President Obama signed the ‘Comprehensive Iran Sanctions, Accountability, and Divestment Act of 2010’ (CISADA), which was prepared by the One Hundred Eleventh Congress of the United States of America’ at its Second Session, on Tuesday 5th January, 2010. The ‘preamble’ claims that the purpose of the Act is to ‘amend the Iran Sanctions Act of 1996 to enhance United States diplomatic efforts with respect to Iran by expanding economic sanctions against Iran’.
At a press conference at the U.S. State Department on Wednesday 29th September, 2010, Secretary of State Hillary Clinton announced that CISADA was the first act by the US to have ever imposed sanctions against Iran based on human rights violations. It enables the U.S. government to target individual Iranians and subject them to financial sanctions and U.S. visa denials. The Secretary of State further expressed
“...solidarity with [the] victims and with all Iranians who wish for a government that respects their human rights and their dignity and their freedom. By doing so, we convey our strong support for the rule of law, and we speak out for those unable to speak for themselves because they are jailed or frightened or fear retribution against themselves or their families”.
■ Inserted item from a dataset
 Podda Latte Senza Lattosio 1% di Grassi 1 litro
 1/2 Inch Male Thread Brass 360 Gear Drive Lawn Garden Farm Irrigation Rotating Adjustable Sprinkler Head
The provision that addresses the human rights abuses in Iran is contained in ‘Section 105’ of CISADA, which is titled ‘Imposition of Sanctions on Certain Persons Who are Responsible for or are Complicit in Human Rights Abuses Committed Against Citizens of Iran or their Family Members After the June 12, 2009, Elections in Iran’. In its complementing annexation, ‘Executive Order 13553 of September 28, 2010’ the targeted specified officials are listed as follows:
1. Mohammad Ali Jafari [Commander of the Islamic Revolutionary Guard Corps, born September 1, 1957]
2. Sadeq Mahsouli [Minister of Welfare and Social Security, former Minister of the Interior and Deputy Commander-in-Chief of the Armed Forces for Law Enforcement, born 1959]
3. Qolam-Hossein Mohseni-Ejei [Prosecutor-General of Iran, former Minister of Intelligence, born circa 1956]
4. Saeed Mortazavi [Head of Iranian Anti-Smuggling Task Force, former Prosecutor-General of Tehran, born 1967]
5. Heydar Moslehi [Minister of Intelligence, born 1956]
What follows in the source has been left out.